PL: How did your experiences before and during law school lead you to this project or public interest generally?

RM: I served in the military before law school and my wife is an active-duty JAG officer, but my clinical and pro bono work at Penn Law was probably more instrumental. I didn’t become interested in public interest law until I had my first clients through the Housing Law Project during my 2L year.

Sitting through a session at Philadelphia’s Landlord-Tenant Court is a harrowing experience, and I would recommend that any student go watch one morning. Nearly all of the “respondents” sitting in the pews are young, black mothers.  The landlords and lawyers are usually white, and usually men. The proceedings begin with a roll call by the lawyers for the landlords, who read off the names of those facing eviction. Most do not respond because they are not present, and so a court administrator evicts them by default. The attorney then reads in the money judgment amount for back rent, which the administrator accepts and records.

The whole system seemed so divorced from the catastrophic reality of eviction for these families – it really shook me. I later got so much out of representing tenants that I decided then that my future practice had to involve working directly with clients.

PL: What have you found to be the most challenging aspect of delivering legal services to the veteran community?
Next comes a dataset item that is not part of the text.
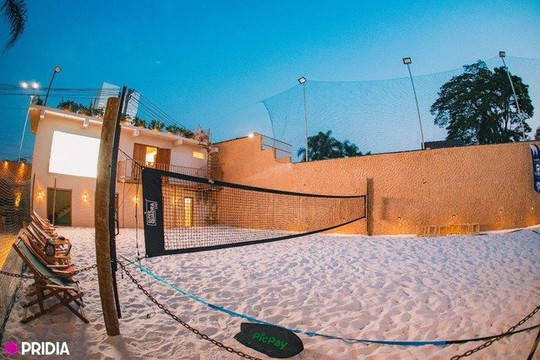 Imagem 3 da galeria do parceiro Areia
RM: The breadth of legal issues I deal with is probably the most challenging aspect, but that’s also why I enjoy it so much. I spend a lot of time reaching out to subject matter experts and case conferencing with colleagues. With every new client comes a fresh legal area that I have to get up to speed on. Last year I was a law clerk and got to see first-hand how a judge handles such a wide-ranging caseload, and I think in some ways that showed me how to embrace the diversity.

PL: What issue or particular circumstance do you see as creating the greatest unmet need in terms of legal representation for veterans?

RM: The veterans I help are generally poor, so their problems track the indigent population writ large: family law, housing, and consumer/debt-related issues. There is not one specific issue that veterans cannot obtain help with, rather their problem is access, either because they live in rural areas with no legal services, or because they do not qualify for assistance based on their income. Strikingly, a veteran who is considered 100 percent disabled because of past military service receives VA benefits that just exceed the income threshold for traditional legal assistance.

PL: Thus far, what accomplishment during your fellowship are you most proud of?

RM: White-collar defense lawyers often say their best cases are the ones no one has ever heard about, meaning they were able to intervene early enough to prevent the prosecutor from filing charges in the first place. I feel that way too. My greatest “wins” are when my client does not have to go to court because I was able to negotiate a favorable settlement or otherwise convince the other side not to proceed.